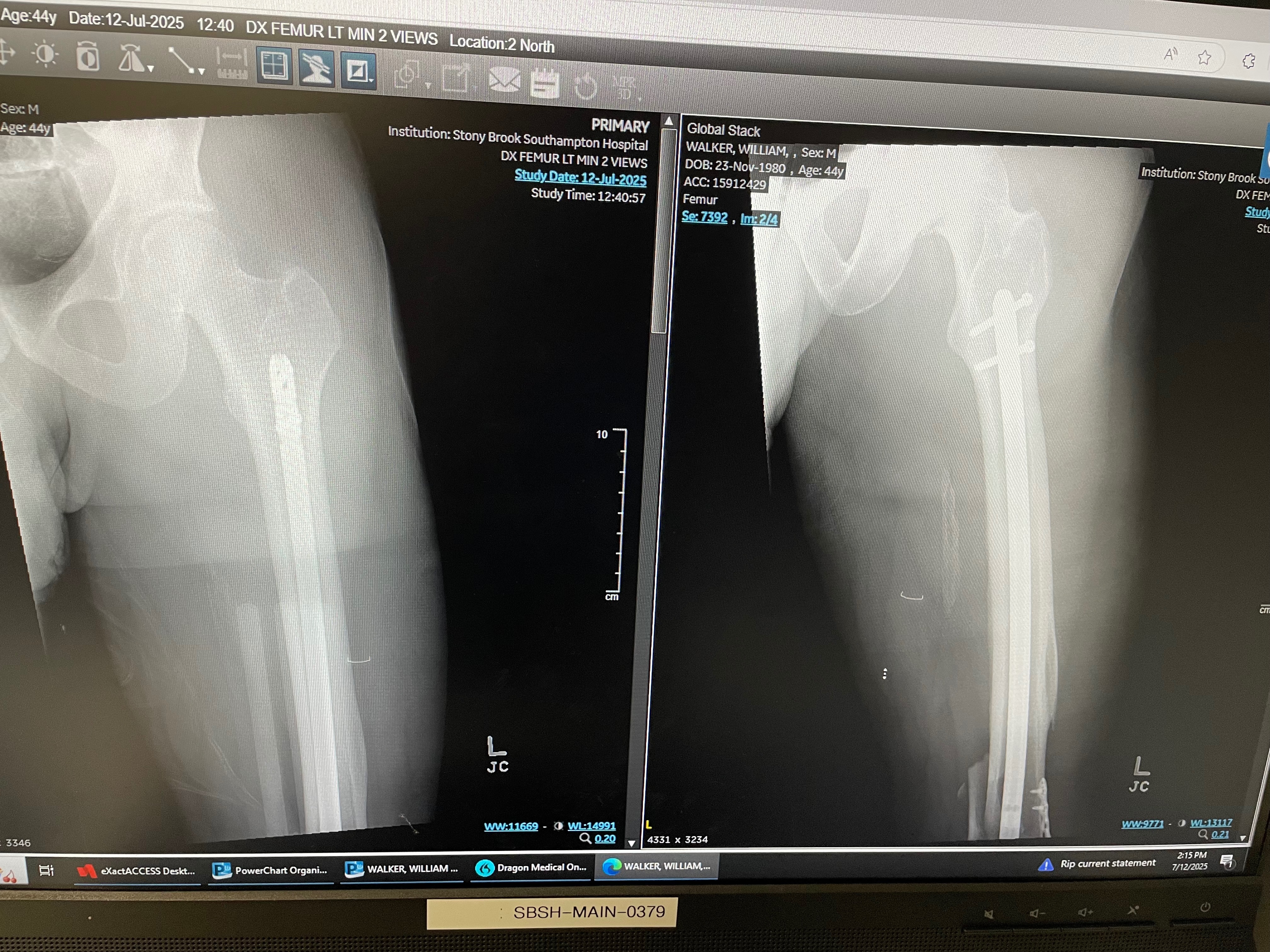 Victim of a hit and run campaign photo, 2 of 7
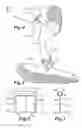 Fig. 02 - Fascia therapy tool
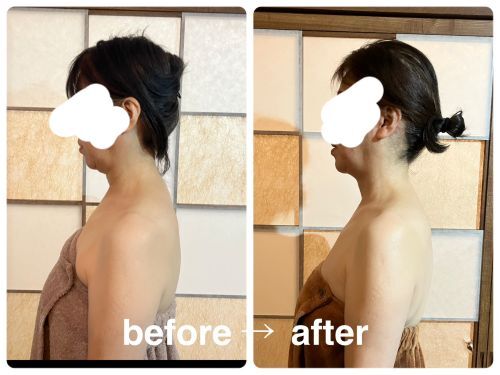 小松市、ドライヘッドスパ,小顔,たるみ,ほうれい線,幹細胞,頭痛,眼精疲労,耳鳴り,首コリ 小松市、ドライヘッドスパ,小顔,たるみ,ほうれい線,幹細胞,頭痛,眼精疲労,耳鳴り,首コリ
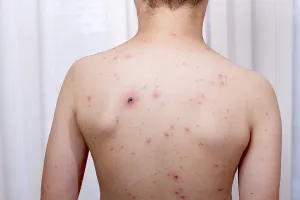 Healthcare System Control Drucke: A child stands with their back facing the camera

* Task details *
Copy the whole of the material above exactly, and exclude every picture.

* Answer for this exercise *
 Victim of a hit and run campaign photo, 2 of 7
 Fig. 02 - Fascia therapy tool
 小松市、ドライヘッドスパ,小顔,たるみ,ほうれい線,幹細胞,頭痛,眼精疲労,耳鳴り,首コリ 小松市、ドライヘッドスパ,小顔,たるみ,ほうれい線,幹細胞,頭痛,眼精疲労,耳鳴り,首コリ
 Healthcare System Control Drucke: A child stands with their back facing the camera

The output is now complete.